Sigamos el rastro del dinero. Ganado el anillo de 2022, los Warriors se enfrentaban a un verano de decisiones. Gastar todo lo que tenían que gastar para retener el equipo campeón y tener a todo el mundo contento implicaba una plantilla (salarios+impuesto) de más de 500 millones de dólares. Algo que ni ellos, ¡ni ellos!, iban a gastar. Se fueron, por dinero, jugadores muy queridos en el vestuario y muy importantes en la rotación como Gary Payton Jr y Otto Porter. Y quedaban pendientes cuatro posibles extensiones: Klay Thompson (32 años) no iba a negociar la suya con dos años y casi 84 millones por cobrar. Después de más de dos años y medio en blanco por culpa de dos lesiones gravísimas, el extraordinario escolta se llevó 106,1 millones por 32 partidos de regular season jugados entre 2019 y el verano de 2022. Andrew Wiggins (27 años) no solo limpió su nombre en la Bahía sino que fue crucial en el rumbo hacia el título, determinante en las Finales contra los Celtics. Le queda (33,6 millones) solo un año de contrato y, por ahora, nada. Green (32) tiene dos años y más de 53 millones asegurados. Pero también una player option de 27,5 para la temporada 2023-24. Es decir, puede ser agente libre el próximo verano. Y Jordan Poole (23) jugó una temporada fantástica en la que enseñó unas enormes posibilidades como jugador de ataque. Todavía no ha hecho caja y le queda un año de contrato rookie por 3,9 millones. Si no firma una extensión antes del 18 de octubre, será agente libre restringido en verano.

De esos cuatro casos, los dos más tensos eran y son los de Green y Poole. Y la información que ha llegado desde dentro de la franquicia apuntaba a que si solo se hacía una de las extensiones, sería la de Poole. El escolta quiere unos 130 millones. El mercado ha hablado en casos que él puede considerar similares: Anfernee Simons renovó en los Blazers por 100 millones y cuatro años. Jalen Brunson cambió Mavs por Knicks y se llevó 104 millones. Y Tyler Herro ha firmado con los Heat por un contrato que puede llegar a 130 millones de dólares. Green, que hace semanas reconoció que no creía que fuera a llegar a un acuerdo antes del inicio de la temporada quiere un contrato máximo de cuatro años. Le pondría, si se suma la temporada próxima que tiene asegurada, en un total de cinco años y 164,2 millones. El último de esos cinco cursos lo jugaría con 37 años. Su agresión a Poole da una coartada perfecta a los Warriors ya no para no darle esas cantidades: para que parezca perfectamente normal que no se las den. Green, de hecho, debería plantearse cuánto ha perjudicado a su futuro contrato, sea donde sea, con este espantoso incidente: los Warriors pueden sentirse más motivados que nunca a tomárselo con mucha calma con él. Y otros equipos estarán tentados a pensar cómo sería tener a Green en el vestuario, qué efecto provocaría un jugador así fuera del delicado equilibrio climático que los Warriors han sido construir durante años gracias, sobre todo, a las particulares personalidades de Curry, Klay y Kerr.

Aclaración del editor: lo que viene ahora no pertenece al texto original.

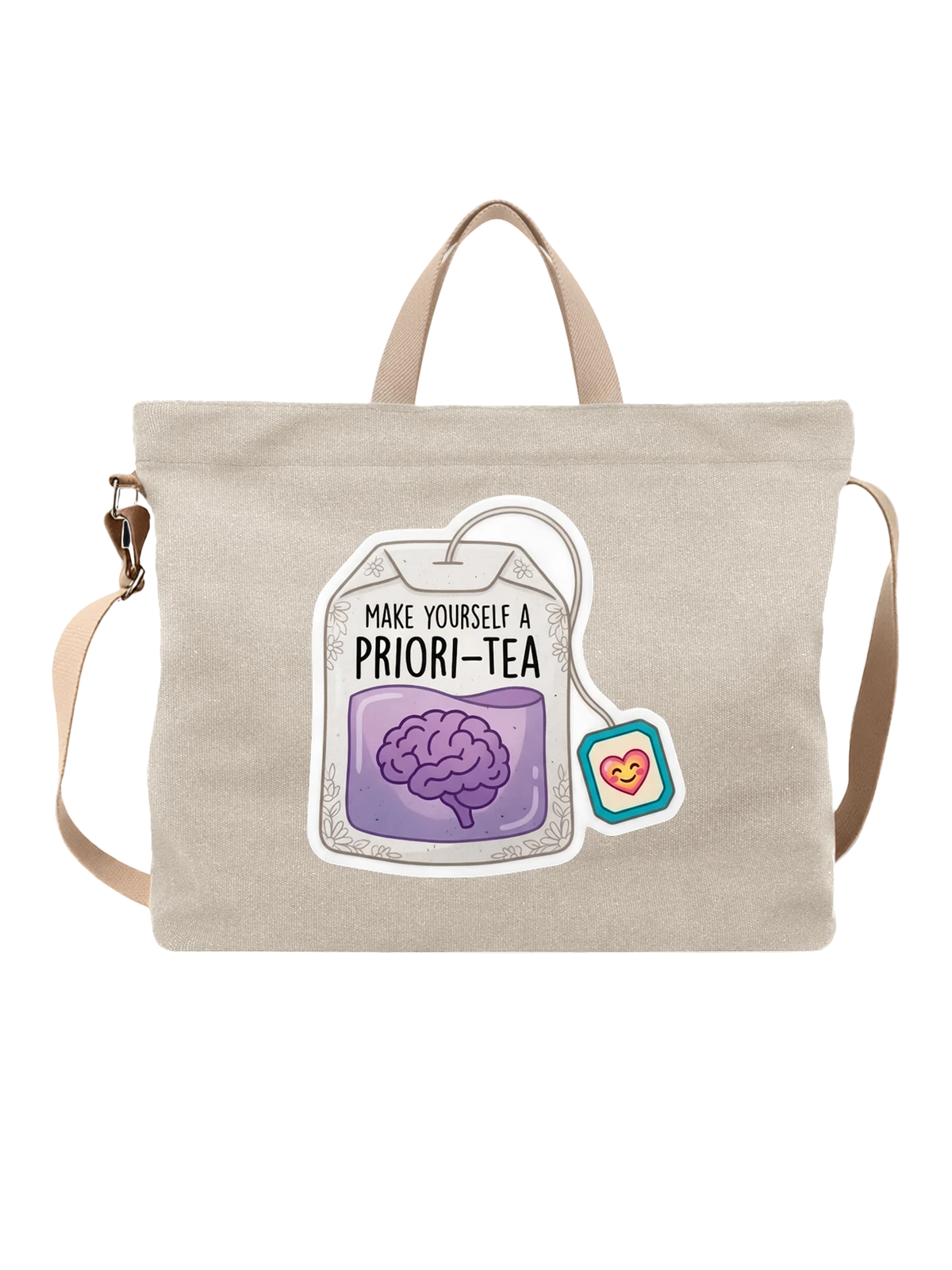 Сумка бежевая с принтом Priori Tea Priori-Tea с мозгом и сердцем — мозг — Бежевая, фото 1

Así que algunas informaciones apuntan a que Green no soporta que los Warriors no consideren prioritaria su extensión, y mucho menos que se sientan más atraídos por las suspensiones (y los nueve años menos…) de Poole. Quienes defienden esta postura, aseguran que la tensión entre ambos ha sido palpable durante el training camp y que este desenlace, aunque indeseable, no era del todo imprevisible (el desencuentro, no la violencia). Green, al parecer, se ha disculpado con Poole, con el resto del equipo y con otros puntos de foco de la franquicia. Pero incluso si esto se arregla, si los Warriors vuelven a poner a prueba con éxito el excepcional poder sanador de su ecosistema, quedará en todo caso otra pregunta trascendental en la Bahía: ¿cómo de enfadado está Green?, ¿cómo de dolido? Y, porque eso implica en su caso, ¿cómo de inestable? Es pronto, pero hay caso. Lío. Y mucho trabajo para la aguja de coser de Stephen Curry. Otra vez.